Brief descriptive captions:

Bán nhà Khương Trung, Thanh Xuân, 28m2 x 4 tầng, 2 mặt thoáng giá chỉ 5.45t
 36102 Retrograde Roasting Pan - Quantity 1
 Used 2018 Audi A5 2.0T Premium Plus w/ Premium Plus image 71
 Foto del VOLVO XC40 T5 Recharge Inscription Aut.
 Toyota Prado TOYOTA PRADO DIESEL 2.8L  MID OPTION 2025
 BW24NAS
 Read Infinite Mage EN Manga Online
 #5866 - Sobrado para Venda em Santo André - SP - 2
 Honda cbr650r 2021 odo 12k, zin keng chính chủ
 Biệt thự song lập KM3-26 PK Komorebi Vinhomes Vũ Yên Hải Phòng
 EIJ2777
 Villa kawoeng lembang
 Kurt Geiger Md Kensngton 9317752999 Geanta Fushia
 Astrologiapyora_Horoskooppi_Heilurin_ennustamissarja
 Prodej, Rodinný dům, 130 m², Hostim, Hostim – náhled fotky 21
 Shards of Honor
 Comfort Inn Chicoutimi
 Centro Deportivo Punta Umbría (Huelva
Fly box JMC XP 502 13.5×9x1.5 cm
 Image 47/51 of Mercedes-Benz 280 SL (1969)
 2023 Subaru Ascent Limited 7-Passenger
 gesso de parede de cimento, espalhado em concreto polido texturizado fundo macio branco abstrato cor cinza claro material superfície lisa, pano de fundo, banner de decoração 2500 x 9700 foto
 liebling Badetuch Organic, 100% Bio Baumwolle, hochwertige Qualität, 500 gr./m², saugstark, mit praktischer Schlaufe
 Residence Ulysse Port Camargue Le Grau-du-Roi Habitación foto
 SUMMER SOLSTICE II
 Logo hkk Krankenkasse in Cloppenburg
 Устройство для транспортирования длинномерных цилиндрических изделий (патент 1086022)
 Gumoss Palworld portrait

WORK ITEM: Without skipping anything, transcribe every line above exactly.

ANSWER TO THE EXERCISE:
Bán nhà Khương Trung, Thanh Xuân, 28m2 x 4 tầng, 2 mặt thoáng giá chỉ 5.45t
 36102 Retrograde Roasting Pan - Quantity 1
 Used 2018 Audi A5 2.0T Premium Plus w/ Premium Plus image 71
 Foto del VOLVO XC40 T5 Recharge Inscription Aut.
 Toyota Prado TOYOTA PRADO DIESEL 2.8L  MID OPTION 2025
 BW24NAS
 Read Infinite Mage EN Manga Online
 #5866 - Sobrado para Venda em Santo André - SP - 2
 Honda cbr650r 2021 odo 12k, zin keng chính chủ
 Biệt thự song lập KM3-26 PK Komorebi Vinhomes Vũ Yên Hải Phòng
 EIJ2777
 Villa kawoeng lembang
 Kurt Geiger Md Kensngton 9317752999 Geanta Fushia
 Astrologiapyora_Horoskooppi_Heilurin_ennustamissarja
 Prodej, Rodinný dům, 130 m², Hostim, Hostim – náhled fotky 21
 Shards of Honor
 Comfort Inn Chicoutimi
 Centro Deportivo Punta Umbría (Huelva
Fly box JMC XP 502 13.5×9x1.5 cm
 Image 47/51 of Mercedes-Benz 280 SL (1969)
 2023 Subaru Ascent Limited 7-Passenger
 gesso de parede de cimento, espalhado em concreto polido texturizado fundo macio branco abstrato cor cinza claro material superfície lisa, pano de fundo, banner de decoração 2500 x 9700 foto
 liebling Badetuch Organic, 100% Bio Baumwolle, hochwertige Qualität, 500 gr./m², saugstark, mit praktischer Schlaufe
 Residence Ulysse Port Camargue Le Grau-du-Roi Habitación foto
 SUMMER SOLSTICE II
 Logo hkk Krankenkasse in Cloppenburg
 Устройство для транспортирования длинномерных цилиндрических изделий (патент 1086022)
 Gumoss Palworld portrait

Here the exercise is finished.